▽
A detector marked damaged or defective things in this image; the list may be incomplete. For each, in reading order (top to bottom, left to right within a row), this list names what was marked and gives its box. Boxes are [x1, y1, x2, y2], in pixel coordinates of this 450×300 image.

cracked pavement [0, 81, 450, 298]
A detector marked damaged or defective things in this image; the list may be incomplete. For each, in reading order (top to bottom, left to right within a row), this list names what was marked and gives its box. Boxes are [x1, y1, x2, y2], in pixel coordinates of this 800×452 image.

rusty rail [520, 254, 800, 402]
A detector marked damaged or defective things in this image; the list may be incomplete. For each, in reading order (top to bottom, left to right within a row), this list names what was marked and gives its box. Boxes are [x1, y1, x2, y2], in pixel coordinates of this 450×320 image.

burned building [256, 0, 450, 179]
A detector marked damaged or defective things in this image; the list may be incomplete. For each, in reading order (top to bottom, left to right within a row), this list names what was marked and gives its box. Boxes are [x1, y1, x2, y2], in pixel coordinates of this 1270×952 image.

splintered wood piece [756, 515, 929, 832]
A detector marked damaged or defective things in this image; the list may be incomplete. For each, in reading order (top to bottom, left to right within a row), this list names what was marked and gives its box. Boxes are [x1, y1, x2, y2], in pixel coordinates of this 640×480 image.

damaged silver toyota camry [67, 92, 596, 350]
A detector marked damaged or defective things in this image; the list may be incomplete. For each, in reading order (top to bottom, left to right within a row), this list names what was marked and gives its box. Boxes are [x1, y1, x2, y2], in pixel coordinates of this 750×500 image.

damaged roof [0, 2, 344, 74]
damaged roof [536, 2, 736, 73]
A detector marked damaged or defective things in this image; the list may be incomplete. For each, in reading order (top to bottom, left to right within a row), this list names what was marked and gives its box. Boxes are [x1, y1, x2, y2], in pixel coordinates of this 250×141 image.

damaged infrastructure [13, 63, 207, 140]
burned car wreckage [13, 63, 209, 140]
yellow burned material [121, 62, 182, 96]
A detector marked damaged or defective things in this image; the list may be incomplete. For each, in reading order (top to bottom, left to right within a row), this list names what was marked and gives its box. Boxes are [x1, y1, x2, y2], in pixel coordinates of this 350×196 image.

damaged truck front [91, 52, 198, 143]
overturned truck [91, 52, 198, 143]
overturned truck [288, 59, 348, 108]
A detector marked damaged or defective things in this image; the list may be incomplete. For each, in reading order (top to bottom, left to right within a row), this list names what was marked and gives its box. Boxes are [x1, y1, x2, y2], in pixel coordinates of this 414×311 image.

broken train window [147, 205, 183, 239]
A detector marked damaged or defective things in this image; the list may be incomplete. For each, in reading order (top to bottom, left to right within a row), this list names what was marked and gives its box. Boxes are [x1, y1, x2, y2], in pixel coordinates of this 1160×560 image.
△
— YOUR INSTRUCTIONS —
Starting with the line that contains "this 350×196 image.", copy each line through the end of the data exactly, and leave out all earlier lines.

— SOLVED PROBLEM —
A detector marked damaged or defective things in this image; the list may be incomplete. For each, in reading order (top to bottom, left to right within a row), this list names what was marked and gives its box. Boxes are [x1, y1, x2, y2], in pixel coordinates of this 350×196 image.

damaged truck front [91, 52, 198, 143]
overturned truck [91, 52, 198, 143]
overturned truck [288, 59, 348, 108]
A detector marked damaged or defective things in this image; the list may be incomplete. For each, in reading order (top to bottom, left to right within a row), this list names what was marked and gives its box. Boxes are [x1, y1, x2, y2], in pixel coordinates of this 414×311 image.

broken train window [147, 205, 183, 239]
A detector marked damaged or defective things in this image; the list may be incomplete. For each, in reading order (top to bottom, left to right within a row), this list names what was marked and gives its box. Boxes are [x1, y1, x2, y2], in pixel coordinates of this 1160×560 image.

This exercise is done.